Scholars generally agree that this version of the James passage (Antiquities XX.9.1.200 link) is authentic. A minority view, however, points to the difficulty of authenticating the critical two words (“called Christ”).
Many Jesuses lived in first century Judea. Josephus mentions two of them in connection with the aftermath of James’s trial, the high priests Jesus ben Damneus and Jesus ben Gamaliel. Josephus wrote about another Jesus, the son of Ananus (unrelated to the priests of that name), in his account of the Jewish War (VI.5.3.300-309 link). That Jesus began obsessively proclaiming the doom of Jerusalem shortly after the trial and was severely punished for it by both Jewish and Roman authorities.
The Uncertaintist has posted several times about the James problem (link). The perspective here has always been to explain how Josephus’s text might have been changed by its earliest known witnesses, Origen and Eusebius, with no intention to deceive. Origen falsely remembers Josephus writing extensively about defendant James. In fact, Josephus wrote nothing about James except a brief identification of him as one of those condemned at the trial.

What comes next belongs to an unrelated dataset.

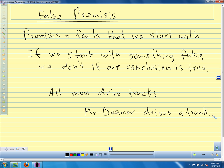Our homework tonight is just going to be looking at different arguments and deciding: is it valid or is it invalid? In the book they give names to the different kinds of arguments, but I'm not going to have you memorize those names. The problems will say tell if it's valid or invalid and give its traditional name — don't worry about the name. All I want you to do is say: is it a valid argument, or is it an invalid argument?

Origen’s reliance on his obviously addled memory of what he had read, Eusebius’s choice to adopt Origen’s phrase “called Christ,” and later copyists’ choices to view the challenged original text as an earlier scribe’s mistake could easily combine to orchestrate an innocent alteration of the critical few words over time.
Blogger Dave Allen (link) offers another hypothesis about the original form of the passage. What if Josephus didn’t explicitly say anything about defendant James’s brother, but instead identified James as the son of Joseph? Joseph was the name of a recently removed high priest. However, for Christian readers, mightn’t “James, son of Joseph” call to mind another “son of Joseph,” as ordinary people would have called the Gospel Jesus?
The merits of Allen’s proposal are similar to those of the brother-of-Jesus hypotheses discussed in earlier posts here at The Uncertaintist. The sincerity of Origen and of the later scribes are as likely as under other hypotheses about the original text. What’s different is that Allen’s proposal, if correct, would make it very difficult to avoid accusing Eusebius of deliberate dishonesty.